Özlemişim. Dolu bir salona girmeyi, insanların arasından geçerek yerime oturmayı, orkestranın akort seslerini, şefin bagetini kaldırıp konseri başlatmasını özlemişim.

Egemen Berköz/Cumhuriyet

Çalıcıların yüzlerindeki anlam ve duygu değişimlerini izleyerek bir senfoni, bir konçerto dinlemeyi özlemişim. İstanbul Devlet Senfoni Orkestrası’nın (İDSO), altı yıldır salonsuz olan orkestramızın 2014-2015 mevsimi açılış konserinin başlamasını beklerken ayrımına vardım bunun. 1 Ekim Perşembe akşamı, Aya İrini tümüyle dolu. Demek özleyen yalnız ben değilmişim! Orkestra ve koro yerini aldıktan sonra kısa bir sunuş konuşması yapan ve ana sponsor Denizbank’ın genel müdürü Hakan Ateş’e bir teşekkür plaketi sunan İDSO yönetim kurulu üyesi Gülsen Negiz de zaten onu söyledi. “Salonumuz yok ama siz varsınız, dostlarımız var” dedi.

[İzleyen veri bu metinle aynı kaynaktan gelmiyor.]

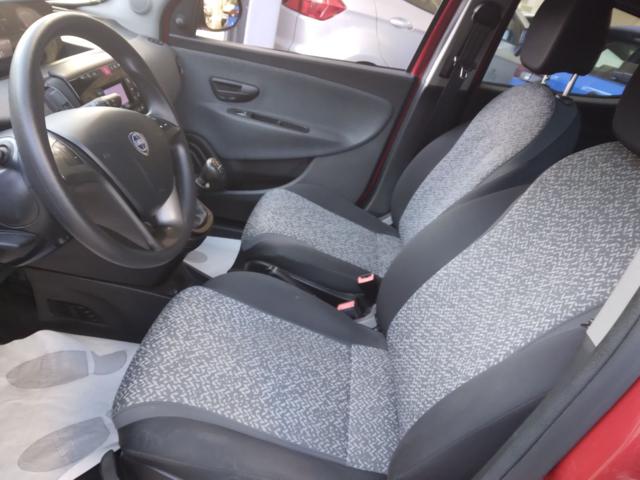 LANCIA Ypsilon usata, con Sedile posteriore sdoppiato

Sonra şef Gürer Aykal ve solistler, soprano Simge Büyükedes, mezzo soprano Asude Karayavuz, tenor Ünüşan Kuloğlu ve bas Tuncay Kurtoğlu yerlerini aldılar, Aykal bagetini kaldırdı ve konser başladı: İlk kuşak bestecilerimizden Ahmet Adnan Saygun’un Yunus Emre Oratoryosu. Türk halk müziğine büyük değer veren ve çoksesli yeni Türk müziğinin bu müzik işlenerek oluşturulması gerektiğine (tıpkı Atatürk gibi) inanan Saygun’un kendi deyişiyle yıllarca kafasında taşıdıktan sonra 1943’de başlayıp altı ayda bitirdiği yapıtı. İlk kez 1946’da bestecinin yönetiminde Cumhurbaşkanlığı Filarmoni Orkestrası’nca seslendirilen, 1958’de Birleşmiş Milletler’in kuruluş yıldönümü dolayısıyla New York’ta Leopold Stokowski yönetimindeki Symphony of Air Orkestrası’nca seslendirilişi diplomatik misyon şefleri üzerinde büyük etki yapan ve Kıbrıs görüşmelerinde kararın Türkiye’den yana çıkmasını sağlayan, başka bir deyişle politikanın yapamadığını başaran Yunus Emre Oratoryosu.

Şef Gürer Aykal’ın, orkestramızın, solistlerimizin değerlerini biliyoruz. Örneğin Büyükedes ile Karayavuz’u Siemens yarışmalarından anımsıyorum. Bugün ikisi de Avrupa’nın önde gelen opera sahnelerinde söylüyorlar. Ama, daha iki yıl önce kurulan ve tümüyle amatörlerden oluşan İDSO Korosu’nu ve şefleri Gökçen Koray ile Seval Irmak’ı özellikle kutlamak gerek. Hepsi birlikte çok iyi bir Yunus Emre Oratoryosu dinlettiler bize. Keşke, bu müziğin bizim müziğimiz olmadığını söyleyenlerden bazıları da dinleselerdi diyor, bir de Aya İrini’yi dolduran müzikseverlere sesleniyorum: Lütfen İDSO’nun bütün konserlerinde dolduralım salonları, göçebe orkestramızı yalnız bırakmayalım.